#### What you need to do:
For this exercise, please transcribe exactly and only the lines from the one containing "Price Tag Holders" through the end of the material, both ends included, without pictures.

"""

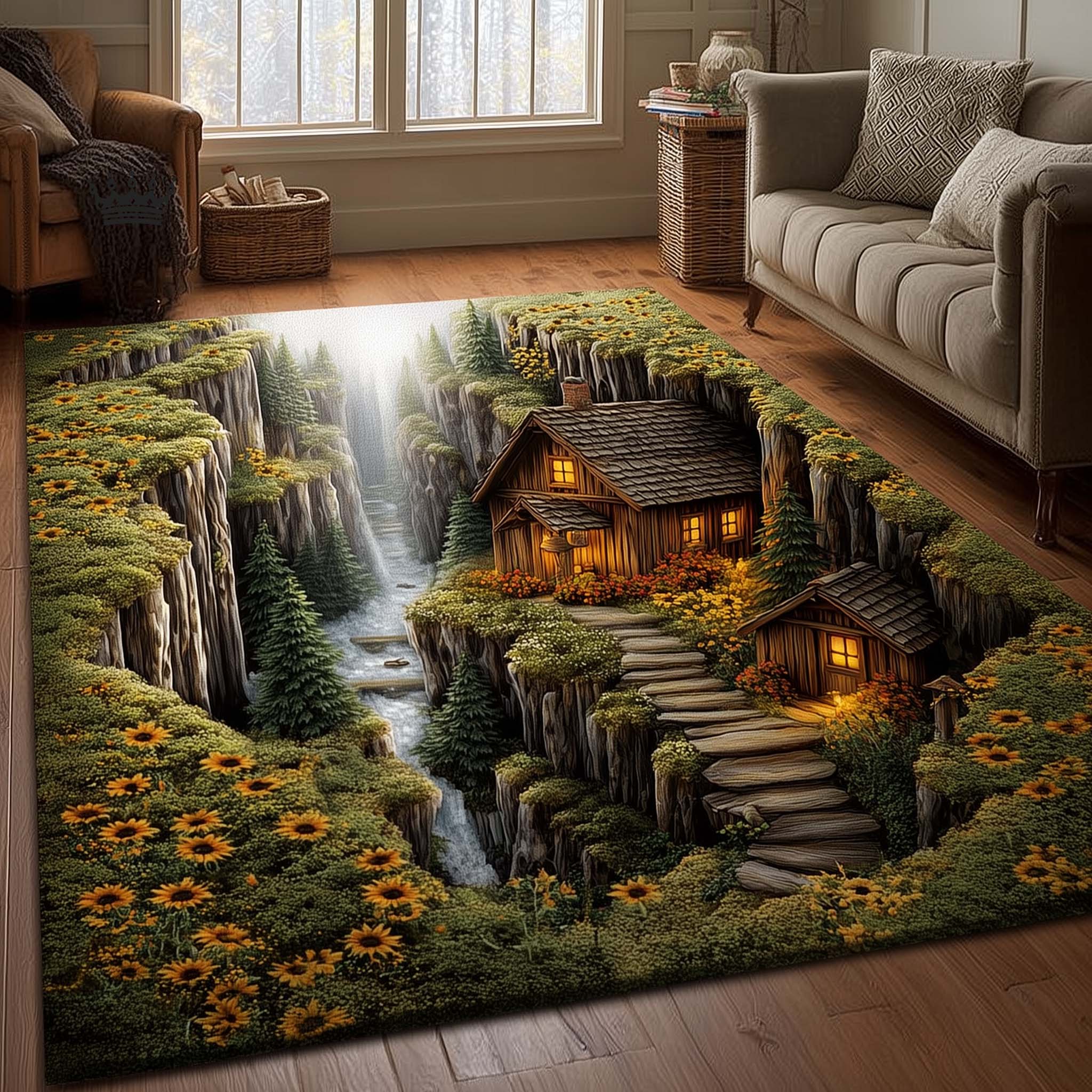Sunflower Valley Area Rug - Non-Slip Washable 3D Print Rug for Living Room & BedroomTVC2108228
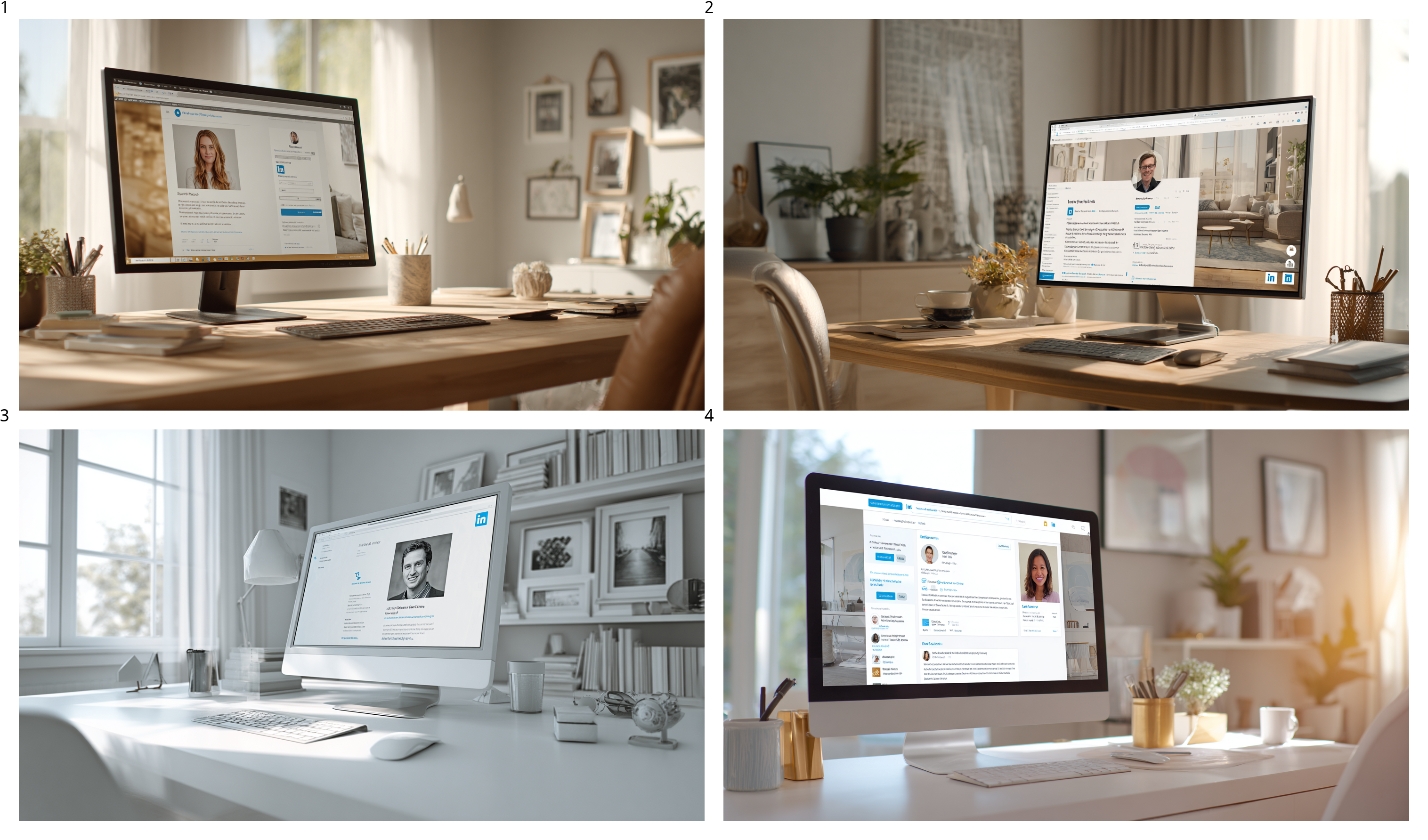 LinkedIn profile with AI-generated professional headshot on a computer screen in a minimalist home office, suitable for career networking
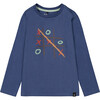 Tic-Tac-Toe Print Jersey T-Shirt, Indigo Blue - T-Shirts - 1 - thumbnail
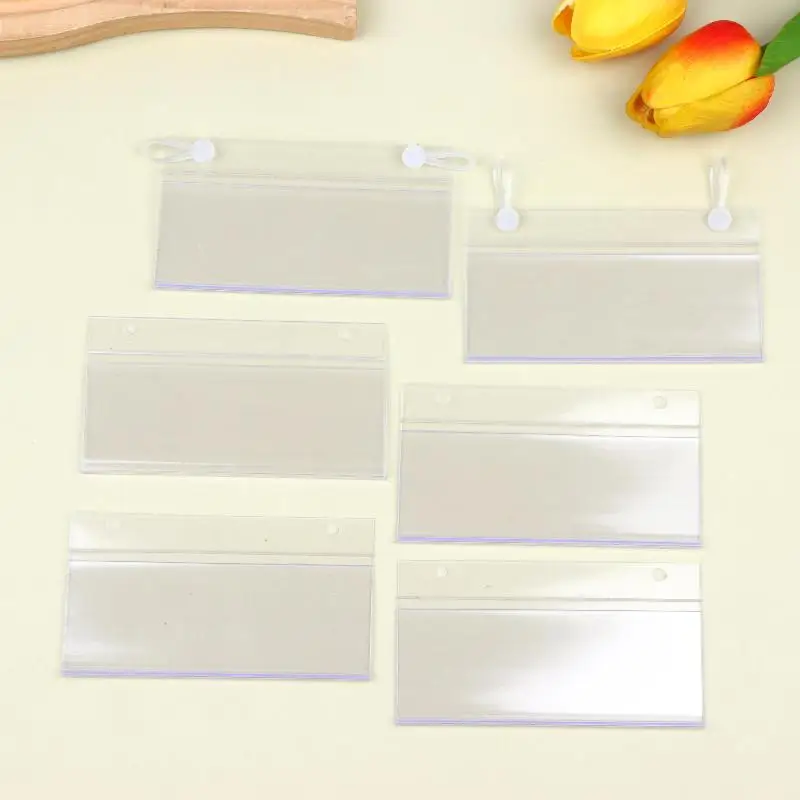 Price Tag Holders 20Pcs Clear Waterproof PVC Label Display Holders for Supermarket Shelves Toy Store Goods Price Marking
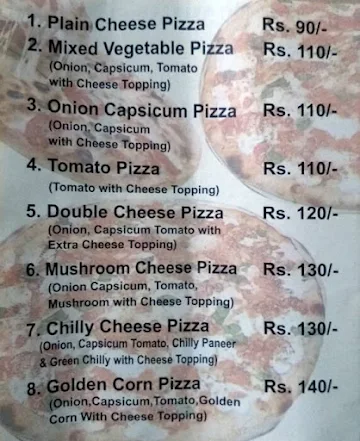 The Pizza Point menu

"""

#### Written reply:
 Price Tag Holders 20Pcs Clear Waterproof PVC Label Display Holders for Supermarket Shelves Toy Store Goods Price Marking
 The Pizza Point menu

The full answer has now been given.